Fund III will mark Nilekani’s largest investment ever in a venture capital fund, Agarwal said, but declined to disclose the investment amount. Agarwal said the fund will raise about half of its target amount from international investors and the rest from Indian institutions, family offices, founders and the firm’s partners.
This balance reflects how India’s venture capital ecosystem has evolved over the past decade. Indian investors today play a much bigger role in domestic funds than they did when Mr. Agarwal helped launch Helion Venture Partners in the mid-2000s.
“When we started Helion, there was no domestic capital in the country and all the capital was raised from the US,” Agarwal said. “Over the past five years, we have experienced that Indian investors have a very strong interest in backing venture capital companies (…) You can now set up venture companies with domestic capital.”
Agarwal told TechCrunch that Fundamentum sees India’s biggest AI opportunities in applications built on existing global models, particularly financial services, content and national consumer applications.
This stance highlights that unlike in the US and China, where companies are amassing billions of dollars to build AI models, much of India’s AI ecosystem is centered around application layer startups rather than companies developing frontier AI models.

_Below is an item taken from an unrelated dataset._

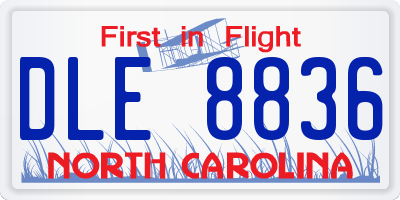 NC license plate DLE8836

The leadership change follows the departure of general partner Ashish Kumar, who recently launched an AI-focused venture fund, Fundamentum Frontier Advisors (F2A), which also has Nilekani as an anchor investor. Agarwal said F2A is a separate company and has no operational ties to Fundamentum, and Kumar is not involved in Fund III.
Fundamentum has made 17 investments across its first two funds. Agarwal told TechCrunch that the company has returned about half of the capital from the first fund to investors, and the second fund is currently focused on follow-on investments.